From the facts considered so far, we already know that the leadership of the church and the majority of the membership felt free to set aside distinctive Adventist doctrines, such as strict obedience to the Law of Ten Commandments, both in times of peace and in times of stress and war. Consequently, a minority held that, with such a deviation, the import of the Advent message would be lost sight of and the unique doctrines hitherto advocated for over a half century would be nullified. They felt that the threat of persecution and loss of property should never have led the denomination to seek a compromise with the powers of darkness. The refusal to secure false peace at the sacrifice of principle, they contended, would now be the distinguishing mark between the true and the professed Adventist believers.
Through the years of World War I, the controversy over doctrinal differences widened the gap between the majority and the minority until, in many cases, the faithful few were disfellowshiped. The church leadership had reasoned that this step was necessary in order to safeguard the properties of the denomination and ensure the right of the Adventist people to continue holding their meetings.
The strife and division, we must emphasize again, was by no means confined to Germany; it was witnessed in sixteen countries, involving hundreds of true Adventists. Since traveling was restricted, much of what went on during those perplexing years was done through correspondence, and mutual contacts were established among the separated groups.
When the war was over, the news was spread that the numbers of those who had been cut off from church membership, because of their loyalty to the fundamental doctrines of the Advent Movement, had increased to thousands. These people realized that something more definite must be done in search of a solution to the existing problem. It was suggested that a preliminary meeting, if called in a nearby neutral country, would be welcomed by the disfellowshiped minority and that their experiences would offer them a common ground for the united actions that were required under those circumstances. The purpose of such a meeting would be to strengthen connections among fellow believers who had suffered for the truth’s sake and to encourage one another in the truth.

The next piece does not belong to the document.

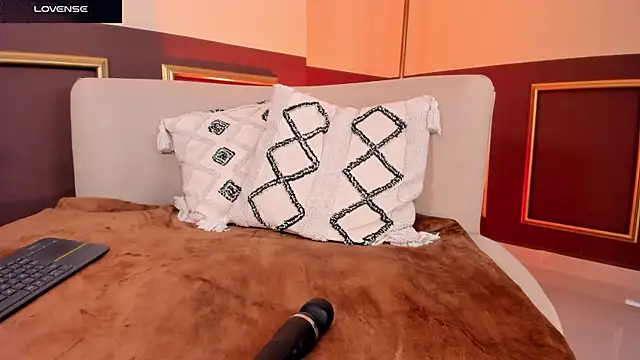 morganlake_ webcam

The planned meeting convened in Switzerland in the autumn of 1919. Brother D. Nicolici reported on the event as follows:
"When we in Romania were disfellowshiped from the Adventist Church, we did not know that faithful brethren in other European countries had gone through similar experiences. As soon as we received information about the Reform brethren in Germany, we wrote to them. As a result of mutual contacts among Reformers in several countries, arrangements were made to hold a meeting in Switzerland toward the end of 1919. From Romania we sent two representatives along with our experiences and views. During that meeting, which was attended by 16 brethren, the question of organization was not discussed because the Reform brethren were hopeful that a reconciliation with the Adventist Church would come. We were not interested in separation but in unity, and we expected that our Adventist brethren would open the door for an official discussion with some of their General Conference representatives. Upon the suggestion of Brother Otto Welp, it was then agreed that an international conference of Reformers would be held in Wuerzburg, Germany, in 1921."
As the brethren narrated their experiences in that meeting in 1919, it became very evident to them that the hand of God was leading a faithful remnant in a work of reformation. There was no doubt in their minds that what they had suffered, both at the hands of the SDA leaders and of the secular authorities, was the result of their unflinching decision and of their determined effort to remain loyal to the fundamental truths upon which the Advent Movement had been founded. According to reports presented, many had sealed their testimony with their lives. Others had suffered years of imprisonment and privation. The fact that in not a few cases both lay members and ministers had chosen the pathway of compromise and employed their talents to bring persecution against the reform-minded Adventists was the cause of considerable consternation.
At this meeting it was agreed that the international connections should be fostered under the leadership of Brother Otto Welp, who had his office in Wuerzburg, Germany. The brethren had no desire to form a separate organization, at least not on a permanent or final basis. It was believed that the General Conference leadership of the Seventh-day Adventists would vindicate the position of the faithful minority and set things in order. With the fondest hope that the necessary corrective steps would be taken by the church, that memorable meeting came to a close.
The General Conference Executive Committee members in Washington, DC, had been informed of the difficulties involving the church in Europe. Several executive officers were therefore sent to Europe to examine and, if possible, solve the problem. During June and July 1920, they visited various countries where hundreds of members had been disfellowshiped from church membership. Their visit was eagerly anticipated. But these General Conference leaders yielded to the influence of the European leaders and supported their compromising attitudes. Thus, at the conference in Friedensau, 1920, Elder A. G. Daniells endorsed the disfellowshipment of the faithful minority (known as "Reformers" or "Reform brethren").